В будние дни в нашем районе по вечерам очень мало народу. Я не знаю, почему так. Всё-таки, это тоже немного Нью-Йорк. Люди спешат домой, чтобы нянчить своих детей, идут с проживанием хоум аттендентами, что также не предусматривает долгих пеших прогулок по вечерам.
Вообще, конечно, если задаться целью погулять, то делать это и правда лучше не здесь.
Короче, в половине одиннадцатого вечера мы почти одни на улице, которую один нью-йоркский русский всё время называет Королевским шоссе.
Я срываюсь с места, пытаясь уложиться в белого идущего человечка на переходе, человечек уже исчез и вместо него светофор зажигает секундомер — тринадцать, двенадцать, одиннадцать, десять, девять, восемь секунд. Я успеваю перебежать дорогу обратно на свою сторону и на сторону турецкого кебаба, а женщина движется дальше, в сторону Ocean Avenue, куда и шла.

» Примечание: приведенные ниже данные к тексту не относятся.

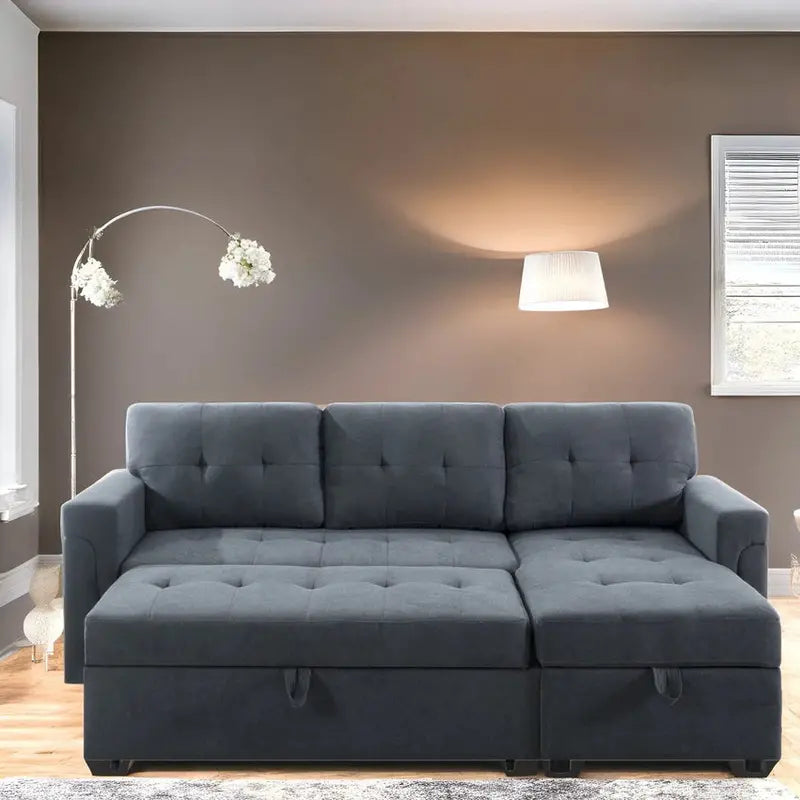 Reversible L-Shaped Sectional Sleeper Sofa With Storage Chaise And Pull-Out Bed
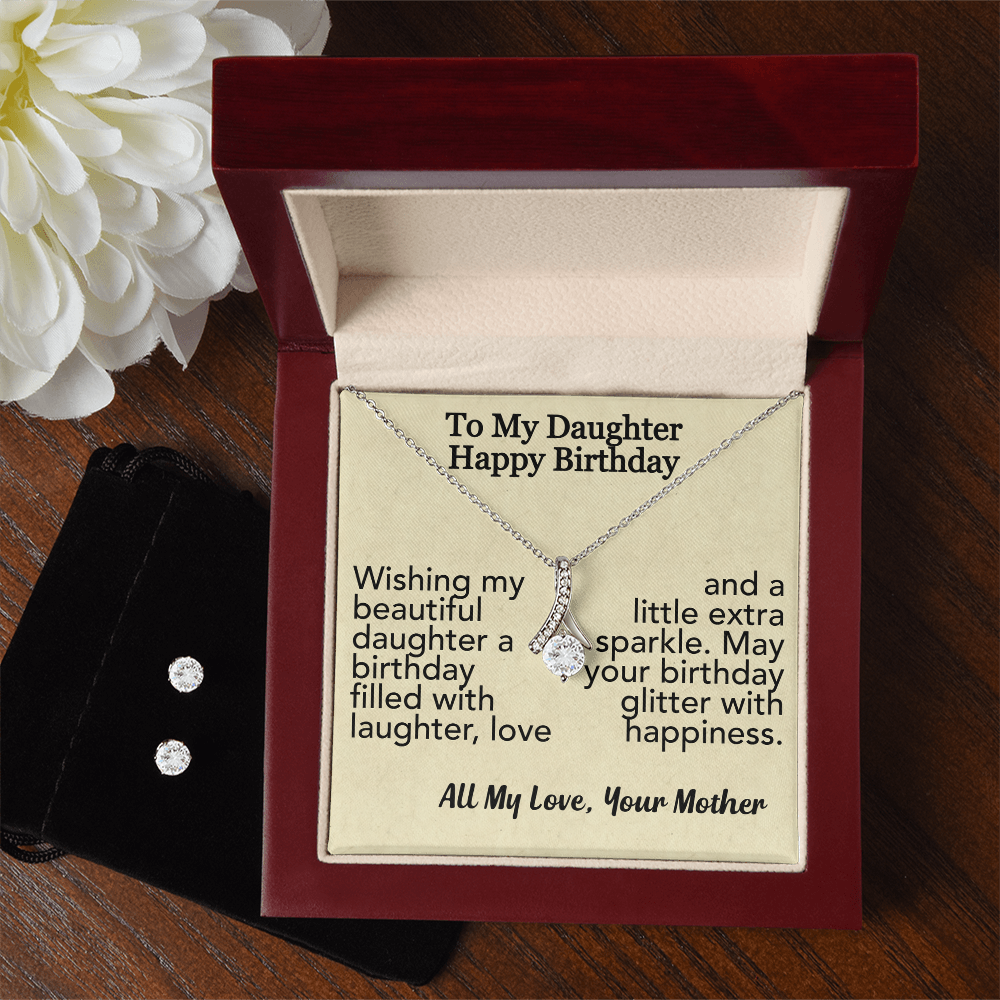 To My Daughter-Happy Birthday-Alluring Beauty Necklace & Earring Set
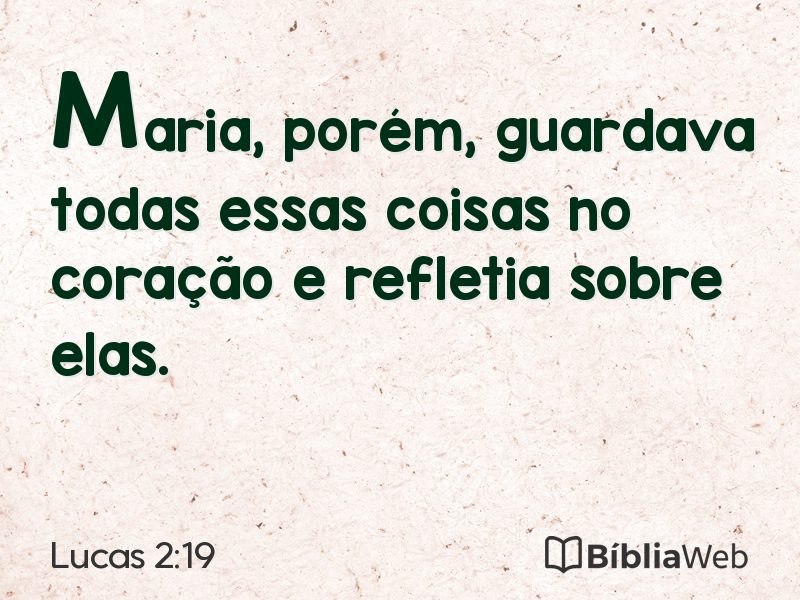 Lucas 2:19 em imagem para compartilhar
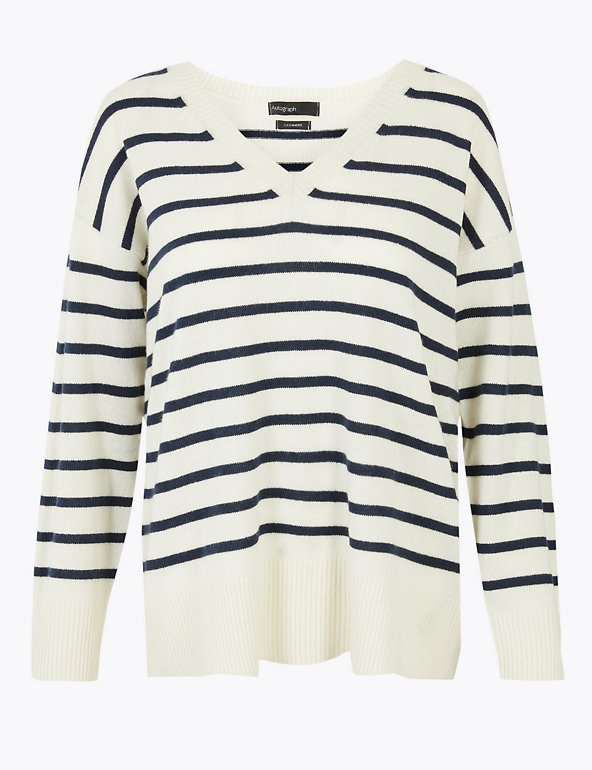Pure Cashmere Striped V-Neck Relaxed Jumper | Autograph | M&S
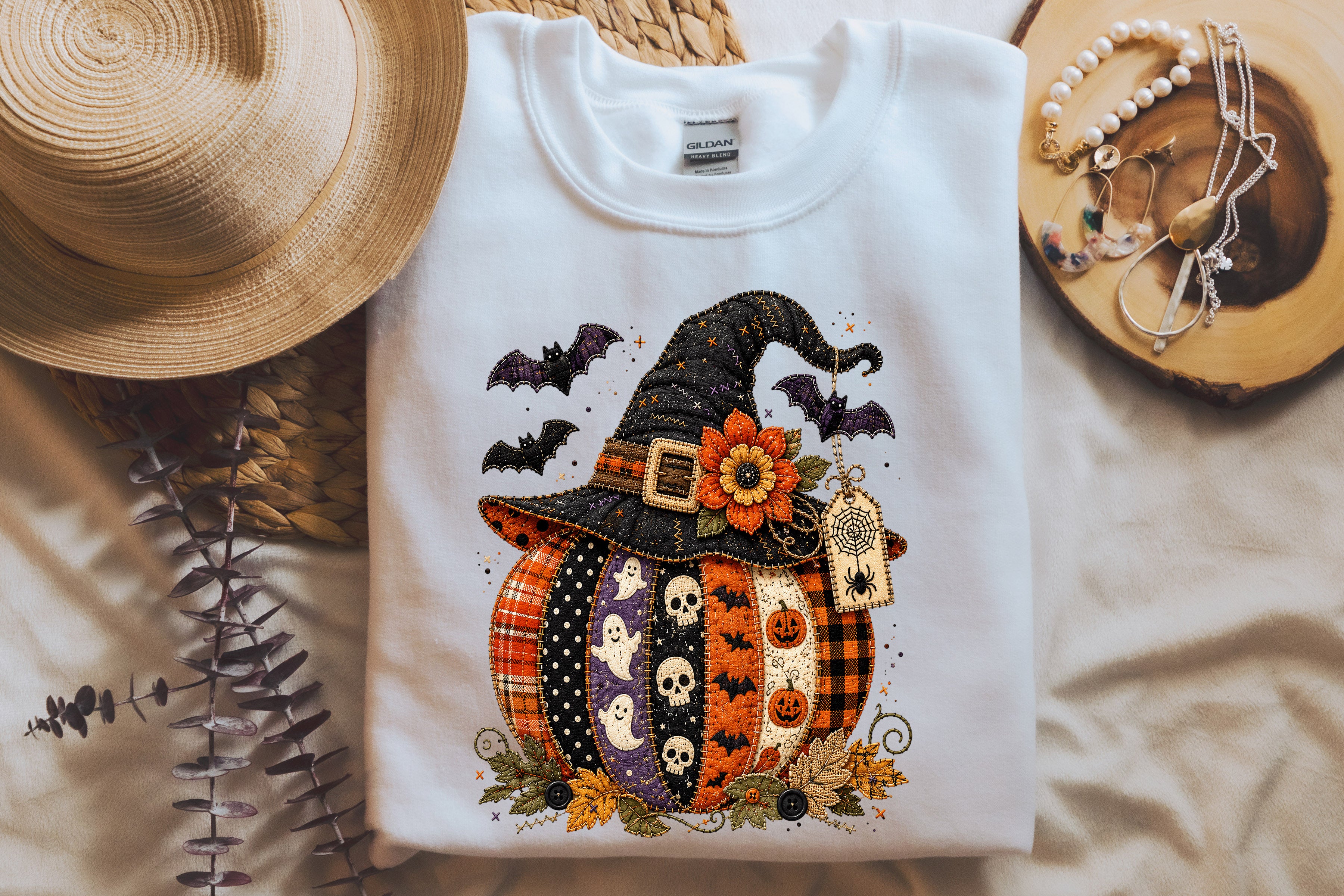 Patchwork Pumpkin T-Shirt – Cozy Fall Graphic Tee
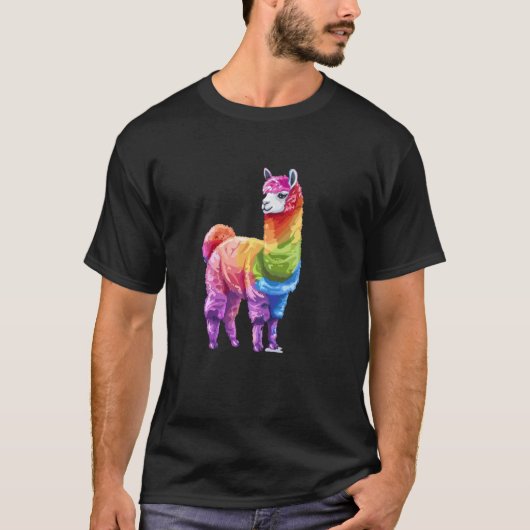 Llama Alpaca Regenboog Trots T-shirt (Voorkant)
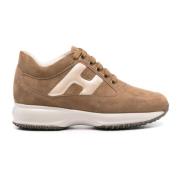 Hogan Bruna lädersneakers Chunky gummisula Brown, Dam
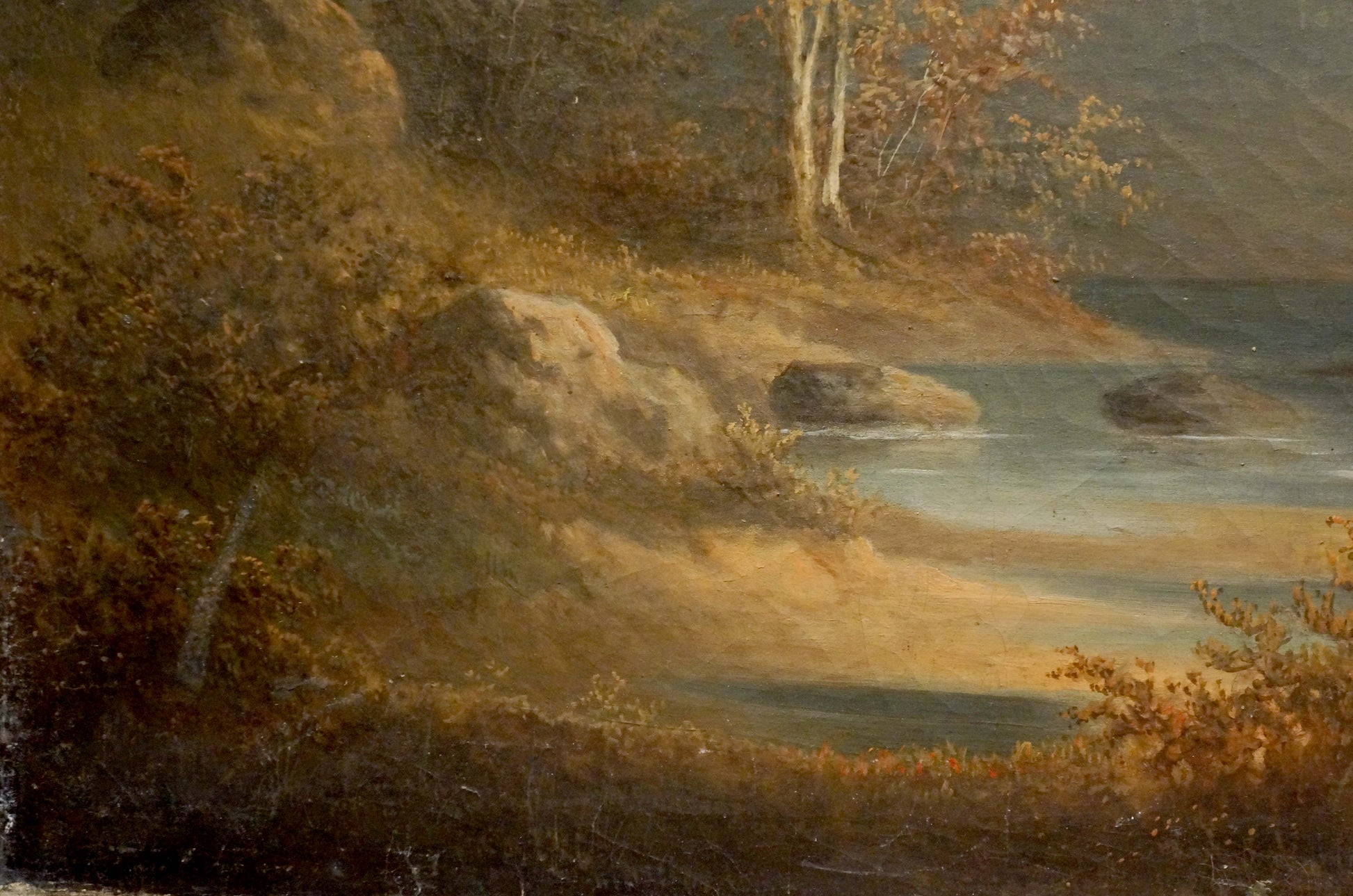 Serene autumn lake oil painting with house in golden forest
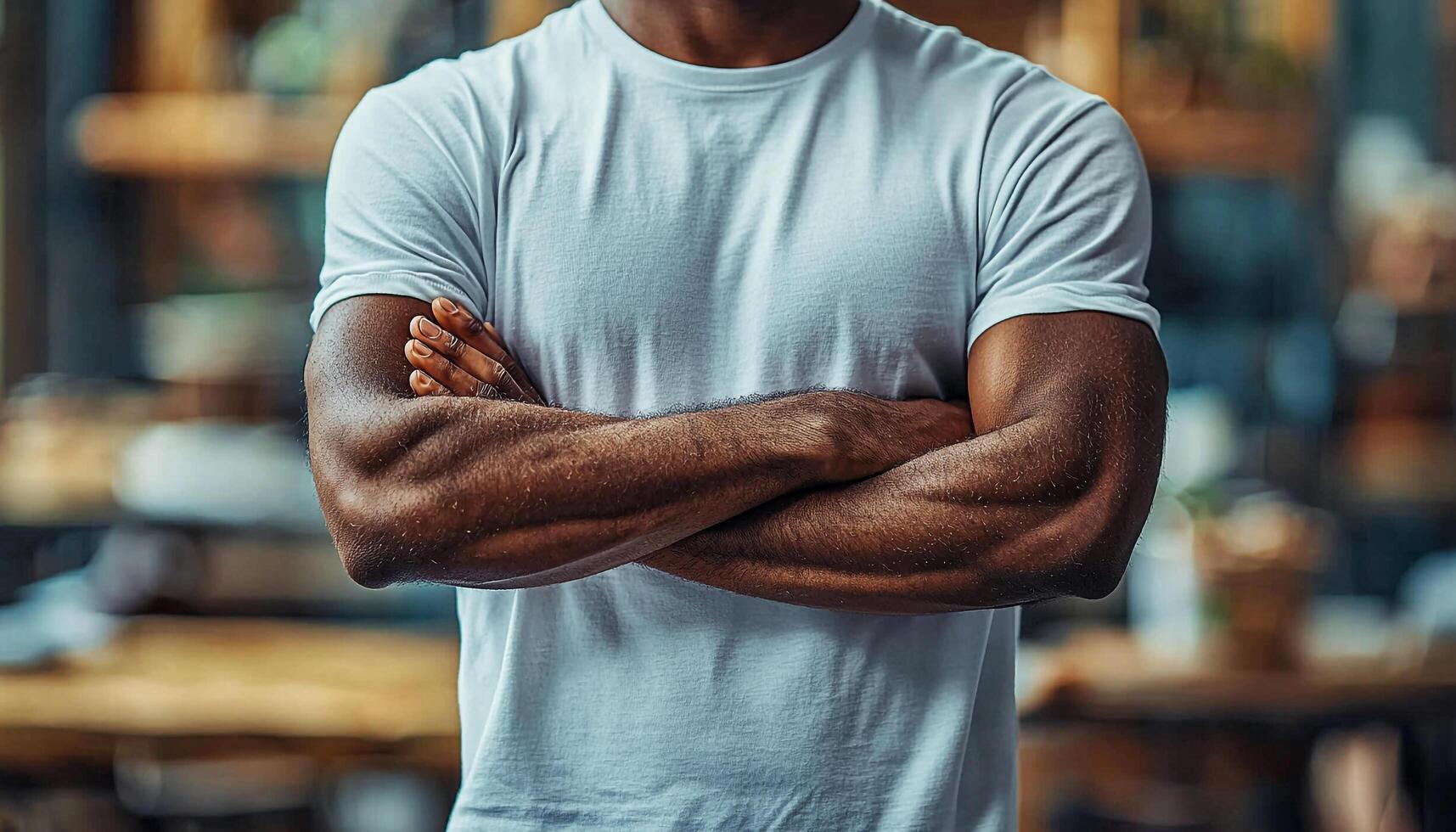 Confident man standing indoors, arms crossed, looking successful generated by AI photo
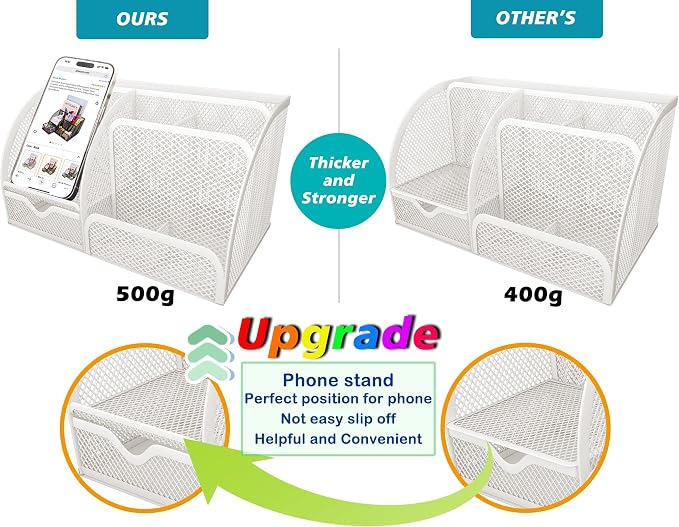 Boutilon Mesh Desk Organizer Desktop Office Supplies Stationary Organizer with 6 Compartments and 1 Drawer Multi-Functional Caddy Pen Holder for Home Office School Desk Decor(White)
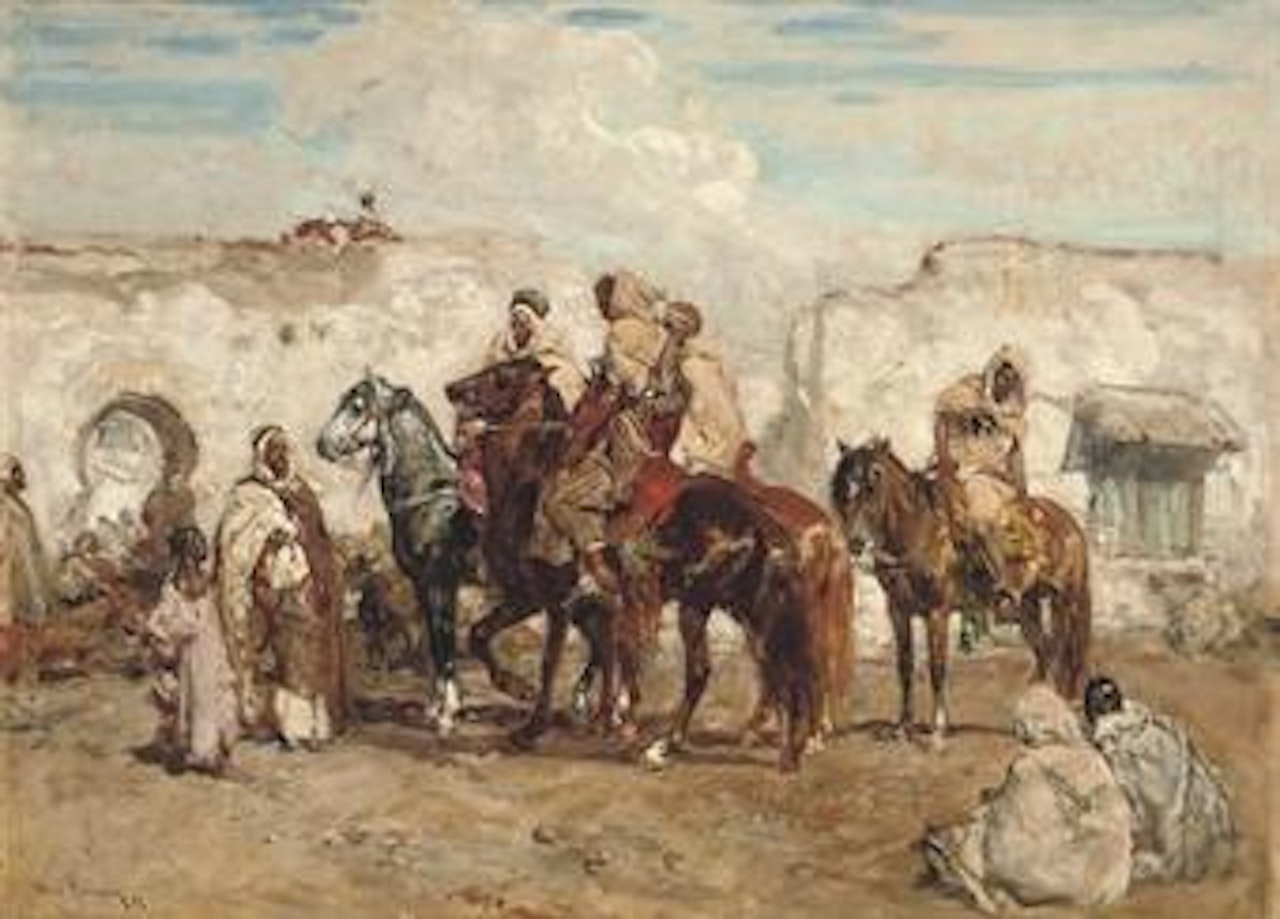 Le renseignement: rue du village Arabe by Henri Émilien Rousseau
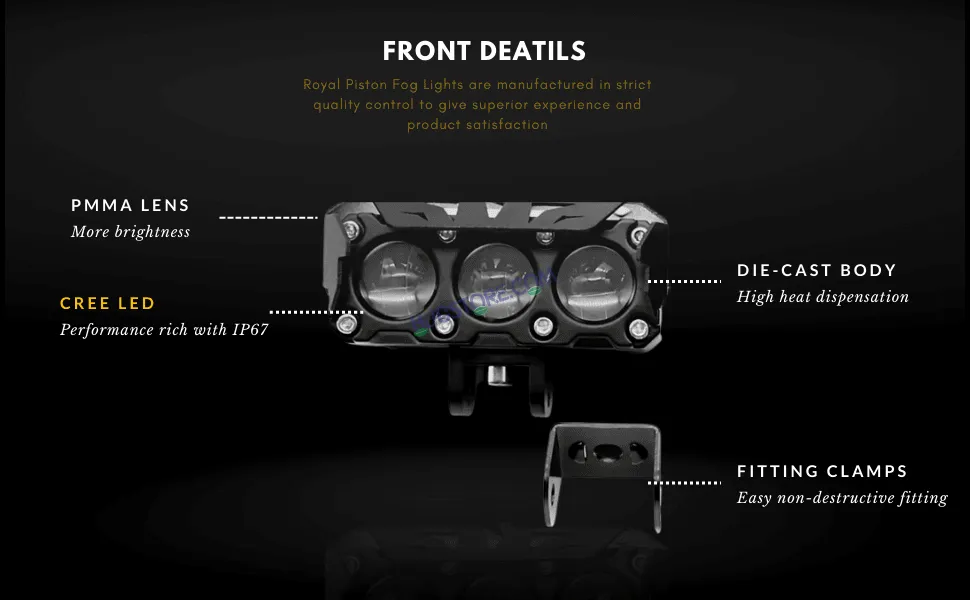 HJG Future Eyes 3 LED 120W Fog Light (3 Round LED HJG Fog Light, 60W per pc * 2 = 120W Total) White Yellow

— Lady, excuse me! — кричу я.
Она оборачивается.
— Why did you leave your flowers there?
Между прочим, совершенно нормальный вопрос. Она сначала пугается меня, но эмоция страха покидает линию её бровей так же быстро, как и пришла секунду назад.
Теперь она даже улыбается, и чуть погодя отвечает с акцентом, кажется, еще более тяжёлым, чем мой.
— That were a flowers from Ecuador. It's a must to buy them. I'm from Ecuador.